🚀 GPTuzmodel
GPTuz是基于GPT - 2小型模型的乌兹别克语先进语言模型。该模型在NVIDIA V100 32GB的GPU上,使用从kun.uz获取的0.53GB数据,基于迁移学习和微调技术训练了超过1天。
🚀 快速开始
模型加载
from transformers import AutoTokenizer, AutoModelWithLMHead
import torch
tokenizer = AutoTokenizer.from_pretrained("rifkat/GPTuz")
model = AutoModelWithLMHead.from_pretrained("rifkat/GPTuz")
tokenizer.model_max_length=1024
生成单个单词
text = "Covid-19 га қарши эмлаш бошланди,"
inputs = tokenizer(text, return_tensors="pt")
outputs = model(**inputs, labels=inputs["input_ids"])
loss, logits = outputs[:2]
predicted_index = torch.argmax(logits[0, -1, :]).item()
predicted_text = tokenizer.decode([predicted_index])
print('input text:', text)
print('predicted text:', predicted_text)
生成完整序列
text = "Covid-19 га қарши эмлаш бошланди, "
inputs = tokenizer(text, return_tensors="pt")

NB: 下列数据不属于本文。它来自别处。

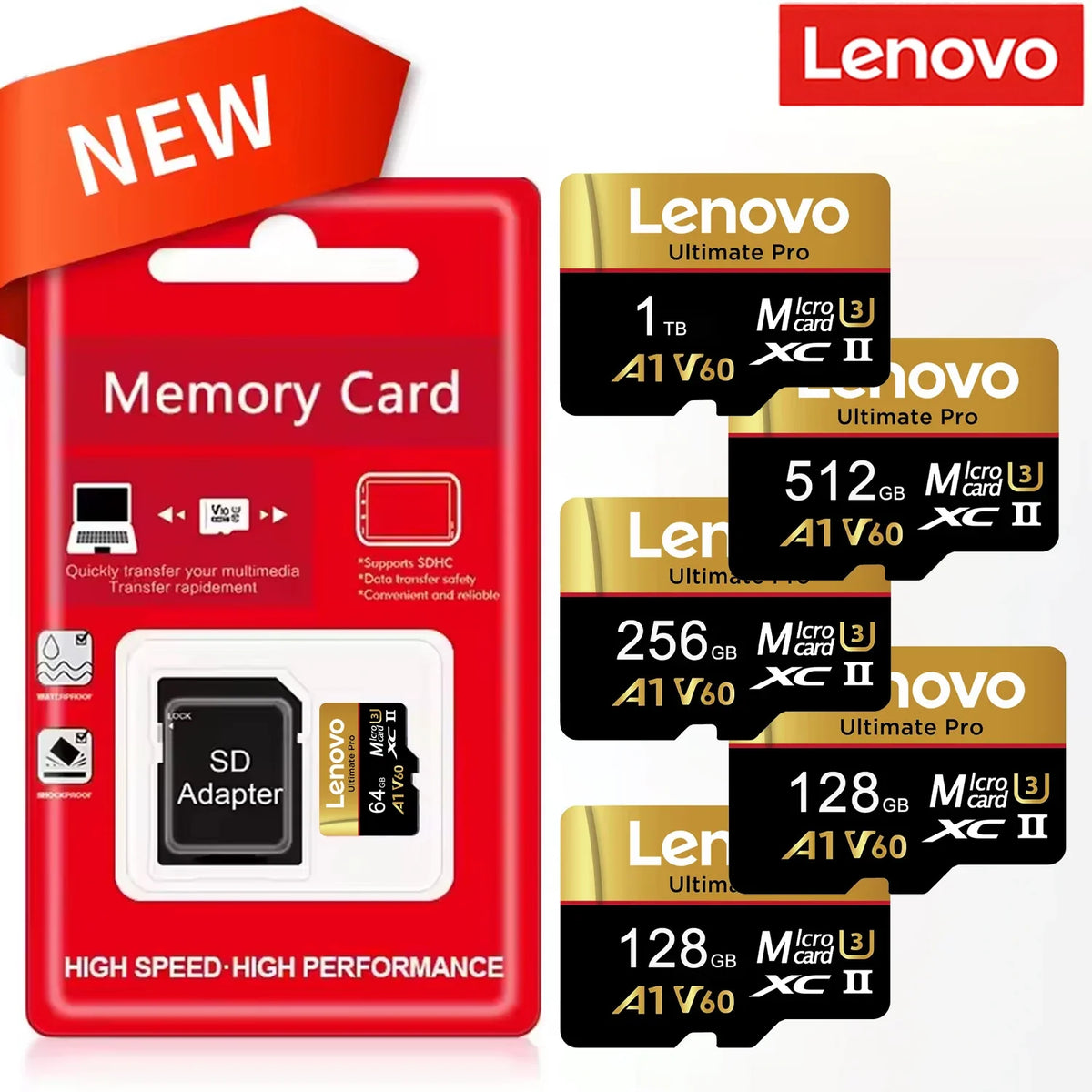 Lenovo SD Memory Card 128GB 256GB 512GB 1TB Micro SD Card V60 U3 Flash Cards TF Card Memory Microsd For Insta360 DJI Drone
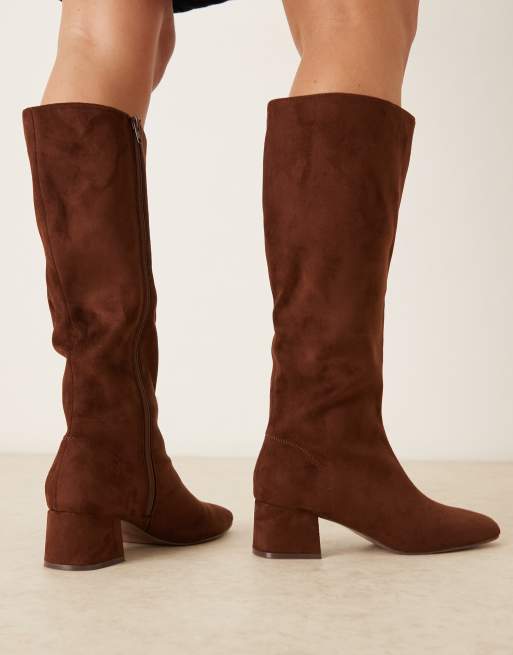 ASOS DESIGN Canary block heeled knee boots in chocolate suedette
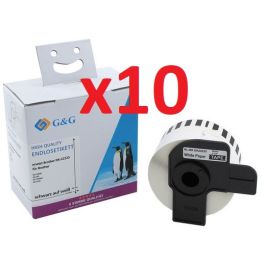 DK-22225 - Ruban cassette compatible Brother - Pack de 10 blanc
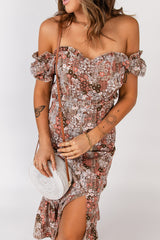 Floral Off-Shoulder Frill Trim Split Dress - SHE BADDY© ONLINE WOMEN FASHION & CLOTHING STORE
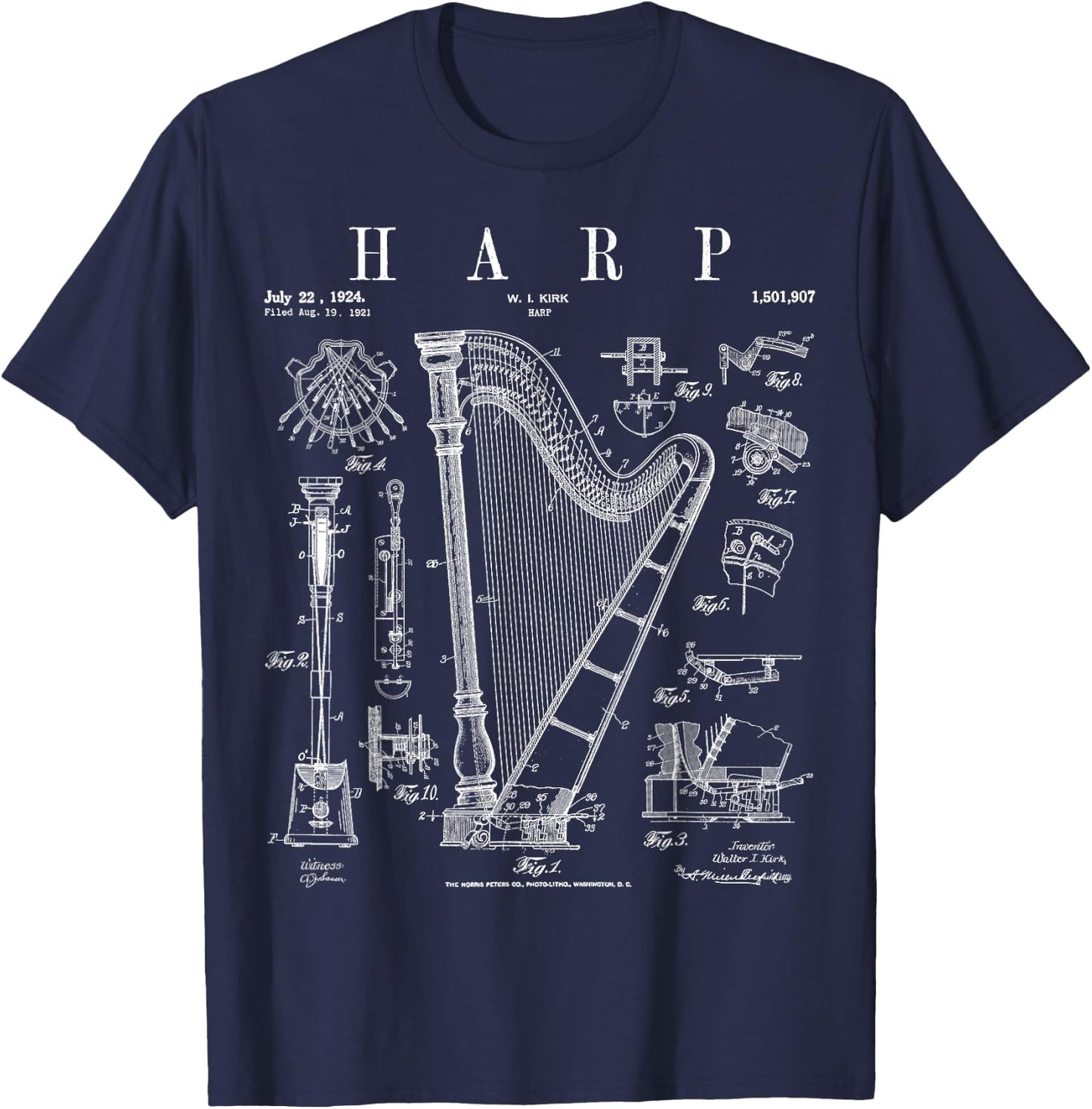 Harp Vintage Patent Harpist Drawing Print T-Shirt - T-Shirt | Navy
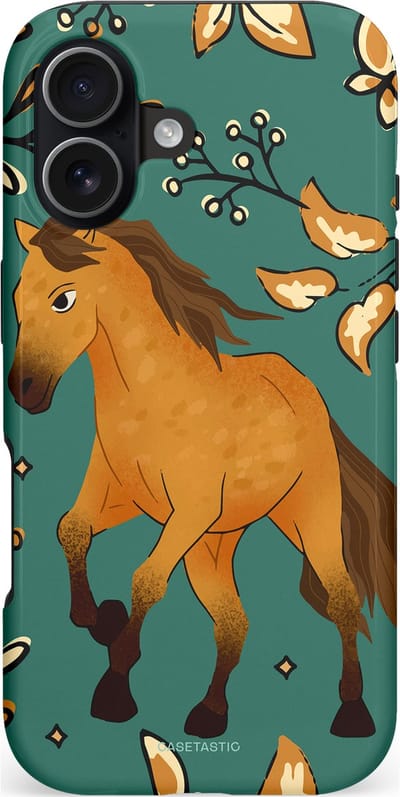 Casetastic hoesje geschikt voor Apple iPhone 17 - MagSafe - Dubbellaagse bescherming - Groene bruine Paarden elegantie - Paris - Fashion Case - Petrol Donkergrijs Bruin Okergeel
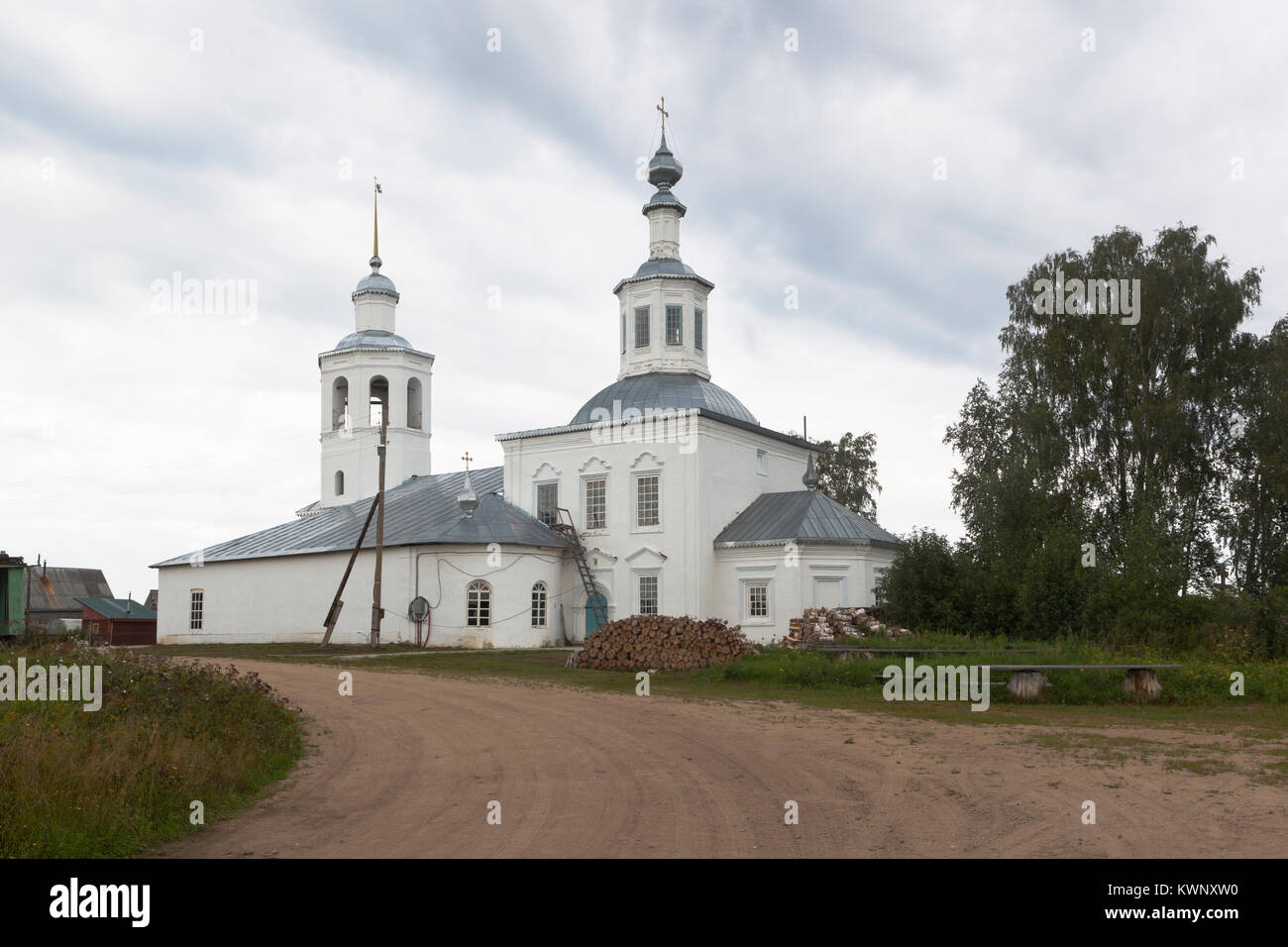 Church of the Trinity of the Life-Giving in the village of Vondokurye, Kotlas district, Arkhangelsk region, Russia Stock Photo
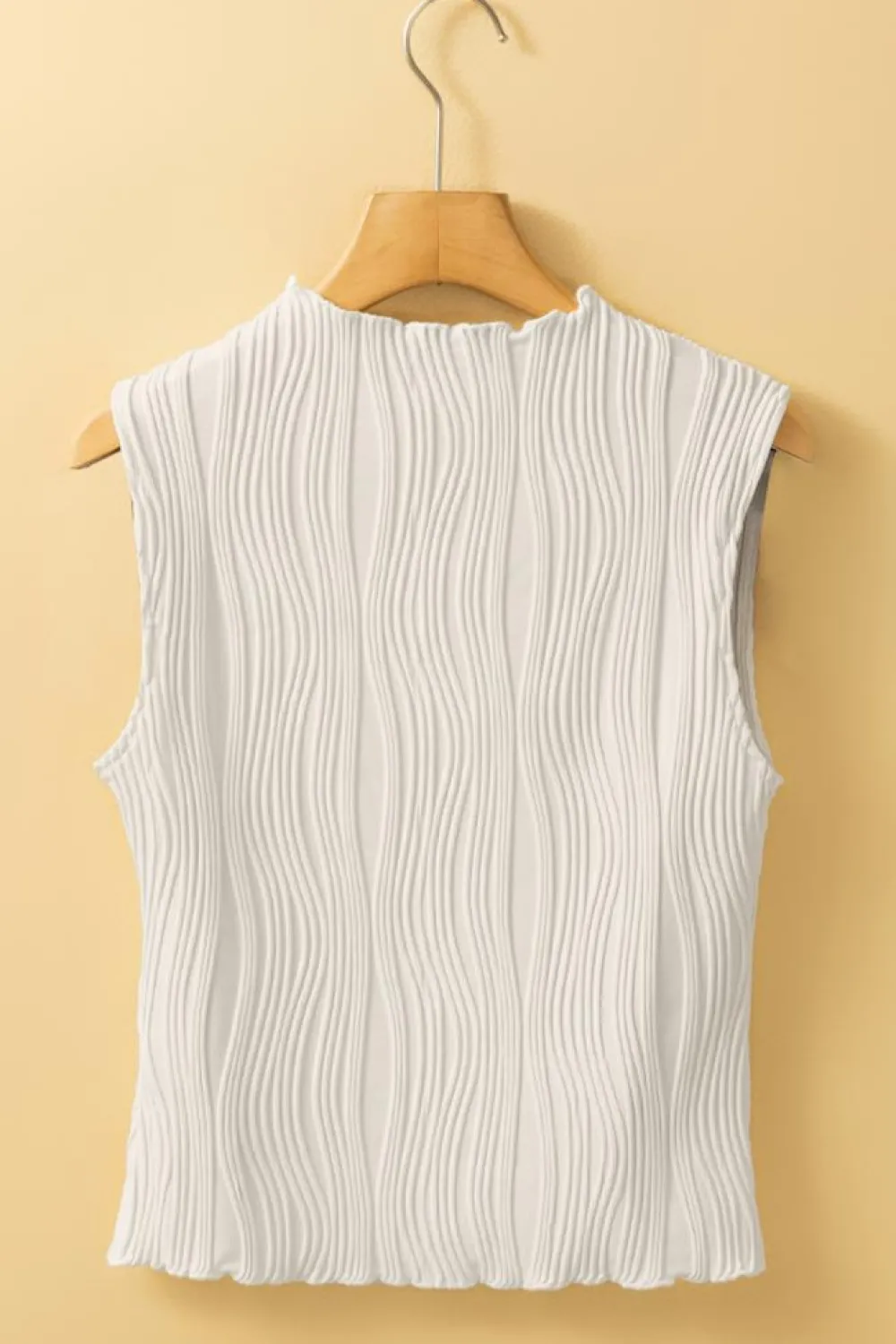 Best Dear-Lover Solid Color Wavy Textured Round Neck Tank Top White
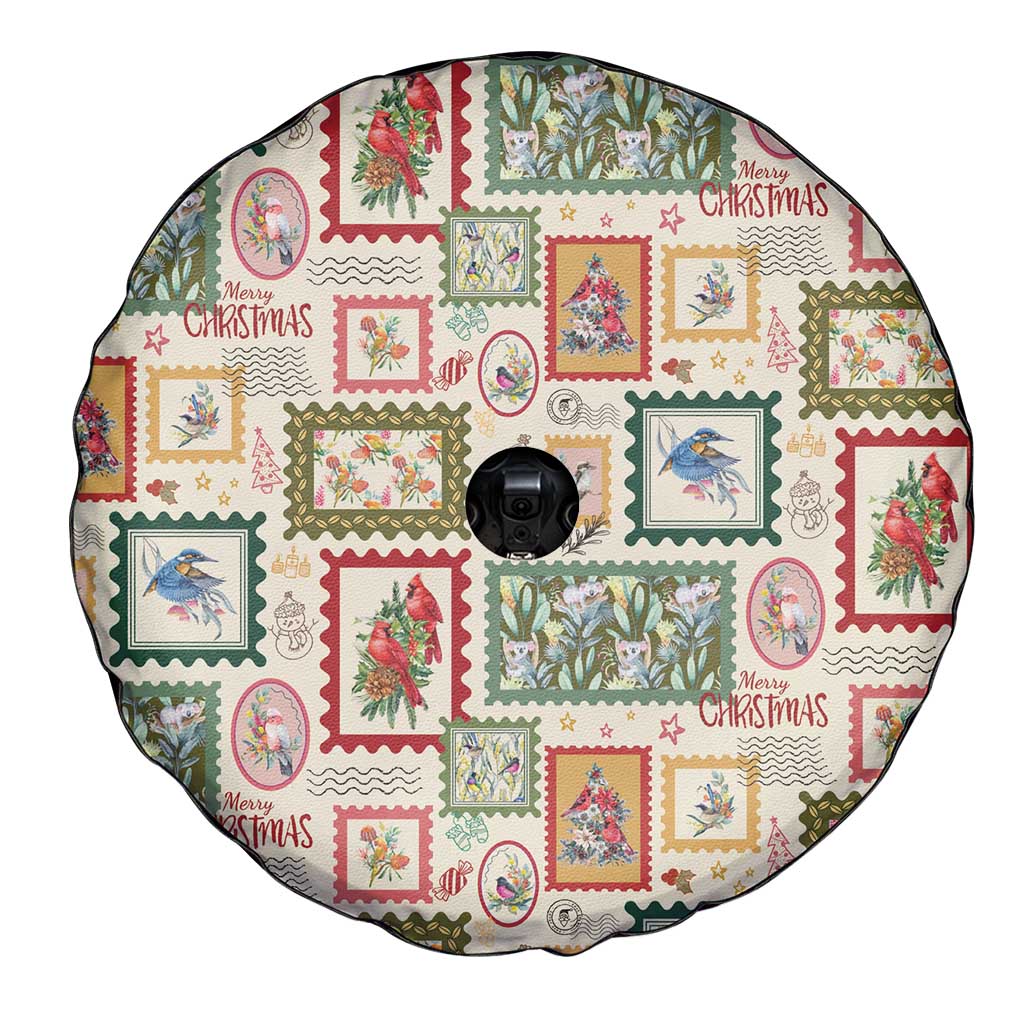 Aussie Birds Christmas La La Land Spare Tire Cover Beige Vintage Stamp Edition - Aussie Hoodie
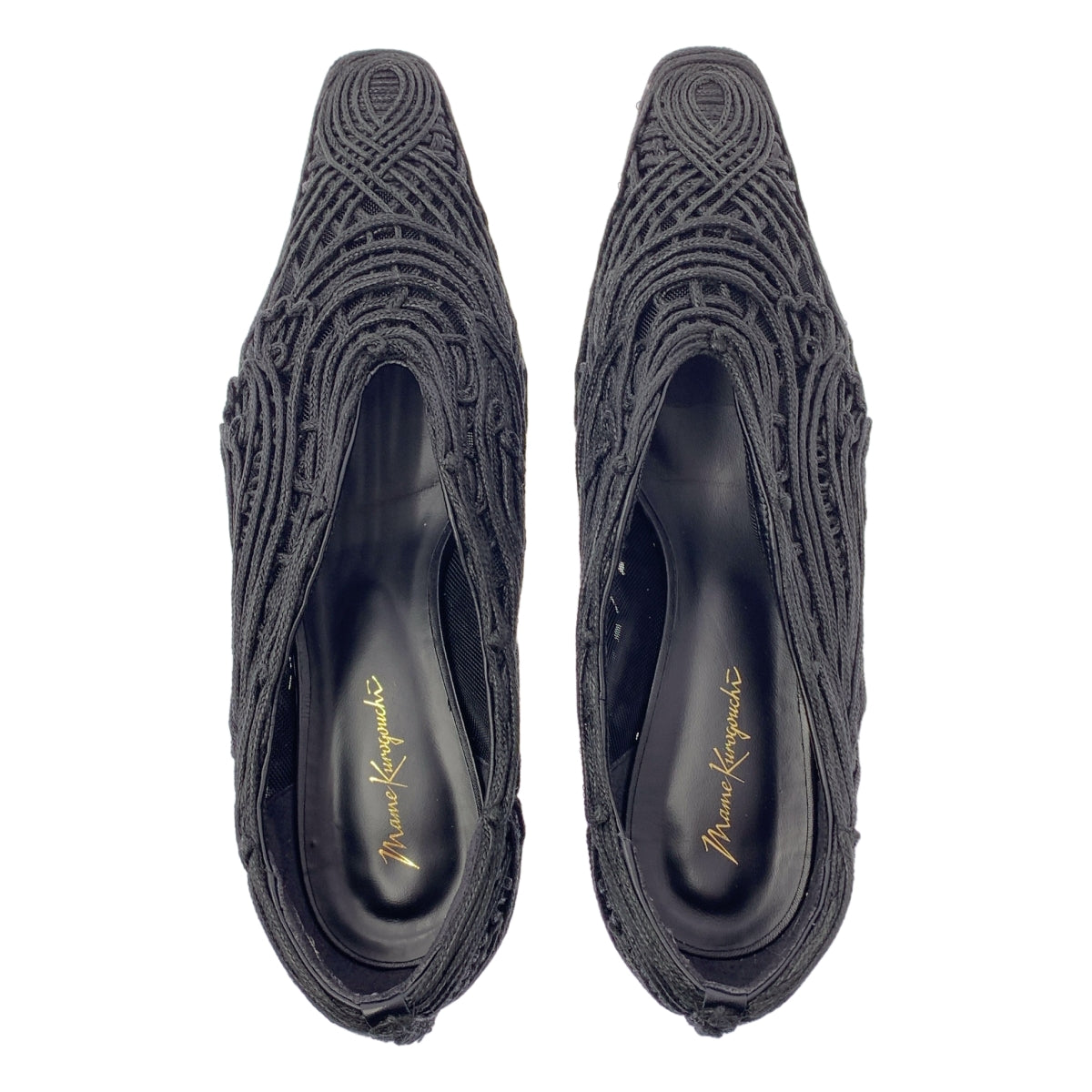 Mame Kurogouchi / マメクロゴウチ | 2023SS | Cord Embroidery Egg Heel Pumps / エンブロイダリー フラットシューズ | 22 1/2 | レディース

sample_outputs = model.generate(inputs.input_ids,
pad_token_id=50256,
do_sample=True,
max_length=50,
top_k=40,
num_return_sequences=1)
for i, sample_output in enumerate(sample_outputs):
print(">> Generated text {}\n\n{}".format(i+1, tokenizer.decode(sample_output.tolist())))
📚 详细文档
模型信息
属性 |
详情 |
模型类型 |
基于GPT - 2小型模型的乌兹别克语语言模型 |
训练数据 |
从kun.uz获取的0.53GB数据 |
训练硬件 |
NVIDIA V100 32GB GPU |
训练技术 |
迁移学习和微调 |
引用信息
@misc {rifkat_davronov_2022,
authors = { {Adilova Fatima,Rifkat Davronov, Samariddin Kushmuratov, Ruzmat Safarov} },
title = { GPTuz (Revision 2a7e6c0) },
year = 2022,
url = { https://huggingface.co/rifkat/GPTuz },
doi = { 10.57967/hf/0143 },
publisher = { Hugging Face }
}
📄 许可证
本项目采用Apache - 2.0许可证。